Climate Change Refugees

It’s going to happen. It’s only a matter of time. The people who live in Kivalina, Alaska are folks who have hunted whales for sustenance for decades. Climate change has ended the hunts since the sea ice that used to be strong enough to support them has eroded to the point where this tiny village is now barely capable of being inhabitable. Thus, its people, by an estimated 2025, will become the first folks on the planet doomed to be climate change refugees.

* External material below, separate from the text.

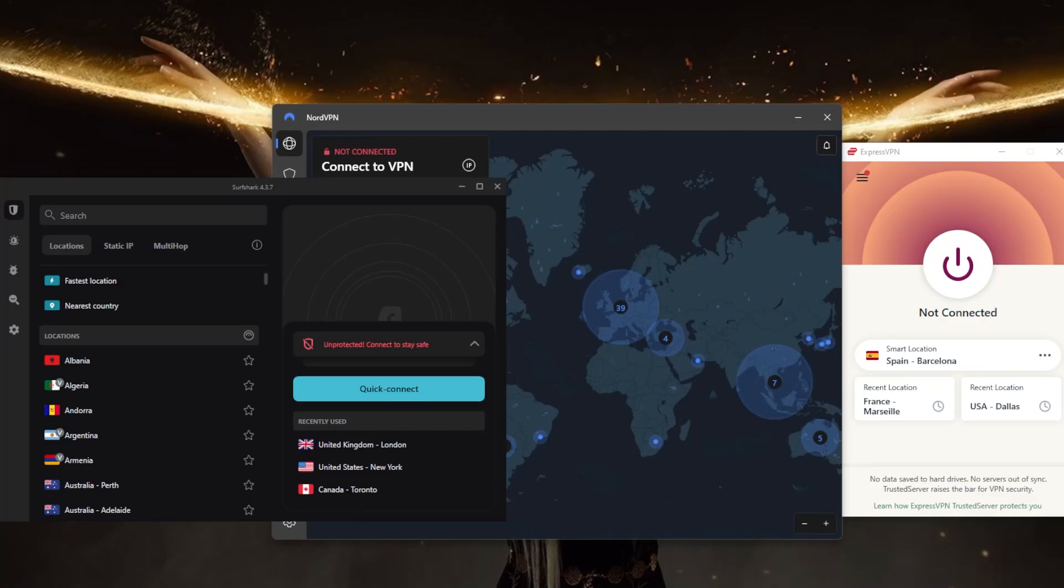Hey everyone, welcome back. Today we're talking about the best VPNs you can use to securely use remote desktop applications. A VPN is a great option to fully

Singer-Songwriters Jesse Terry + Alex Wong have self-released and self-produced Kivalina, a six-song EP of profound proportions. Call it folk-rock or Americana. Their voices intermingle whether singing in harmony or unison. One’s from New England, one’s from Nashville. Their songs—“Fight Or Flight,” “Landfall,” “Dangerous Times,” “Thieves,” “Ten More Years” and, especially the goosebump-inducing “Nowhere”—reek with warning. Their organic sound of two voices and two guitars are offset beautifully with bass, drums, piano, violin, and cello.

Listen to them. Listen to the scientists. Remember, every disaster movie starts with a scientist being ignored. 

Sip this Holywater to get Heavydrunk

Holywater (4142 Records) by Heavydrunk, a Nashville nonet, is wild. I mean, really wild. With vocals, drums, bass, keyboards, two guitars, two horns and two back-up singers, the 11 originals by singer-guitarist front-man Rob Robinson go from Mississippi Delta blues, R’n’B and gospel-soul to rock that rolls with daring in-your-face balls-to-the-wall arrogance. “Somebody’s Got To Take Them Panties Off” is a caveman come-on punctuated by the funk. The two covers are terrific:  Stones song “Slave” and the Tedeschi-Trucks Band’s “Midnight In Harlem.” Opener “If I Loved You Hard Enough” is flat-out nasty. “Pick You Up Along The Way” is about a pastime that seems today like a relic of the past. (It’s been decades since I last hitchhiked.) Robinson is also a restaurateur and runs a place called Puckett’s in Leiper’s Ford, Tennessee. To him, it’s all about greasy funk and slow-cooked barbecue.